In many cases of sudden death, especially in people older than 50, the cause is most likely coronary artery disease leading to heart attack. But if someone at a younger age died suddenly or suffered an episode of sudden cardiac arrest, that could be an indication of HCM, said Tardiff.

“Unless someone’s thinking about the family as a whole, these incidences could be missed,” said Tardiff. People often don’t think about early deaths that occurred while someone was swimming, for example, or died in a single-vehicle accident, she said. Yet incidents like these could be cases of HCM.

Strongly genetically correlated, HCM is caused by one of at least 800 known mutations in the genetic code of a cellular structure called a sarcomere. The sarcomere is made up of several proteins, and the mutations could tell the body to produce malformed proteins that in turn cause abnormal formation of the heart.

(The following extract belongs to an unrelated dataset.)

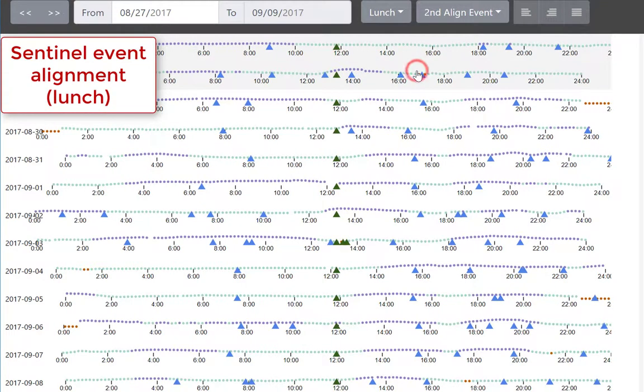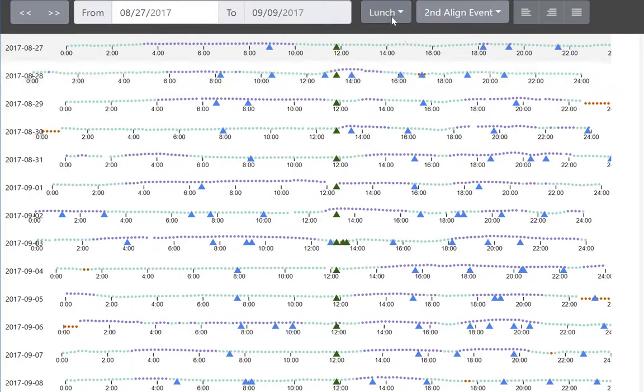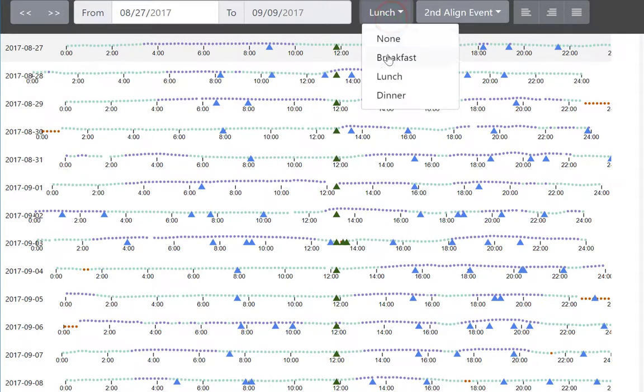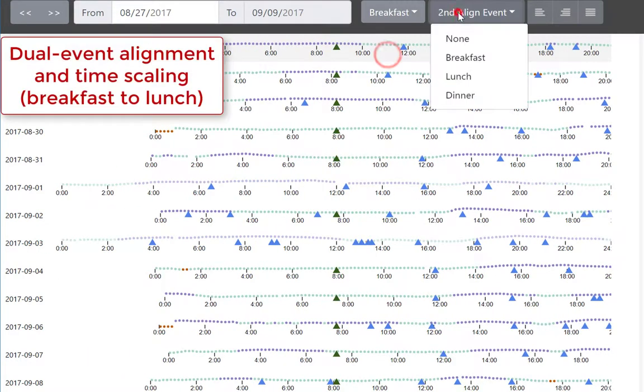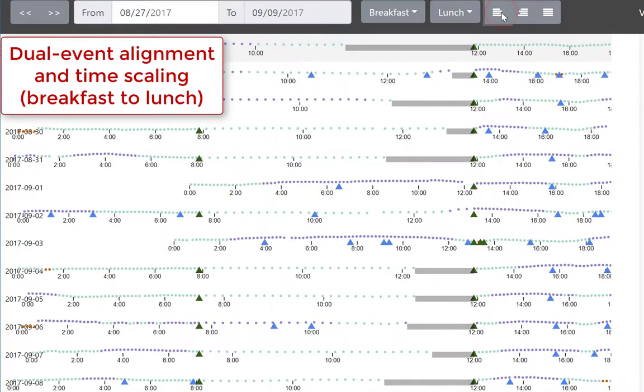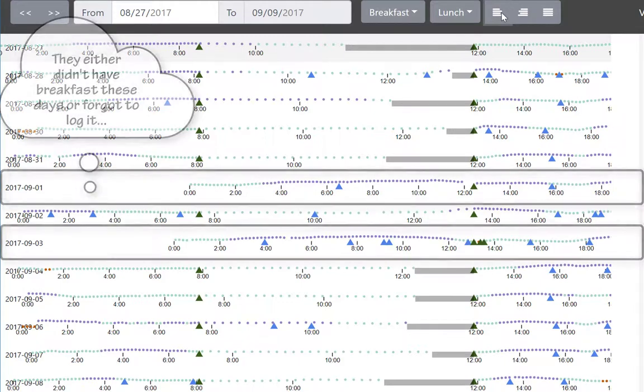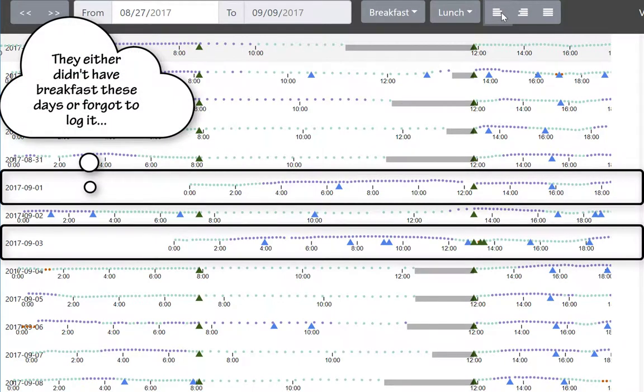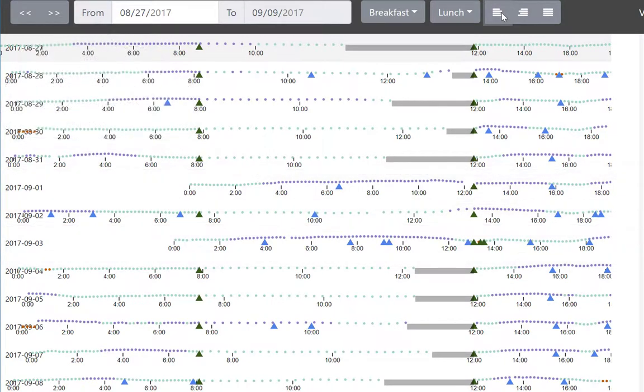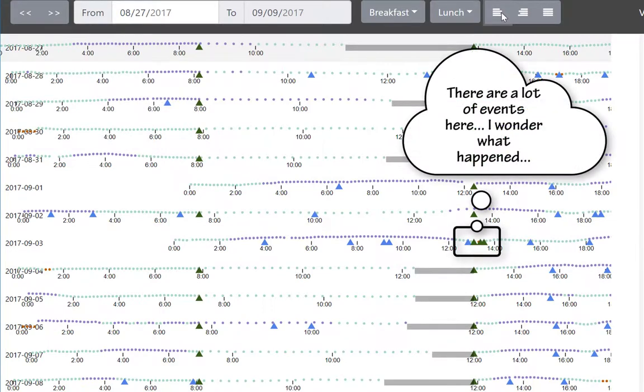Now let's align the rows using lunch as a sentinel event. We see the same high afternoon patterns. Let's align instead by both breakfast and lunch to see the interplay between them. Now we see that two breakfasts were skipped or were not logged.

At present, very little is known about the development of the disease, said Tardiff, which is why following young patients who have a genetic mutation for HCM but have not developed it is vital to understand how the disease can develop.

Like many genetically correlated diseases such as breast cancer, having a mutation for HCM does not necessarily mean that a person will develop the disease.

HCM patients and potential patients who have a mutation for HCM but have not developed the disease are followed with repeated noninvasive echocardiographic screenings throughout their lives to make sure that if they develop the disease, it can be caught early and potentially treated preemptively.

Tardiff is working on developing computer models that will be able to predict pathogenic outcomes of different HCM mutations, which will assist doctors to know how to provide treatment.

Tardiff has done much of her work in collaboration with her husband, Steven Schwartz, a theoretical chemist who is joining the UA’s department of chemistry. Tardiff said the strongly collaborative atmosphere is one reason she chose to join the UA.

“A great way to push science forward is getting people who are expert in different fields to work together,” she said. “I think that can really happen here with great facility.”

One of Tardiff’s ambitions is to establish an HCM clinic in Tucson in the future. “Hypertrophic cardiomyopathy is a known problem, and there is no HCM clinic or facility in the Southwest,” she said. “So why not build one in Tucson?”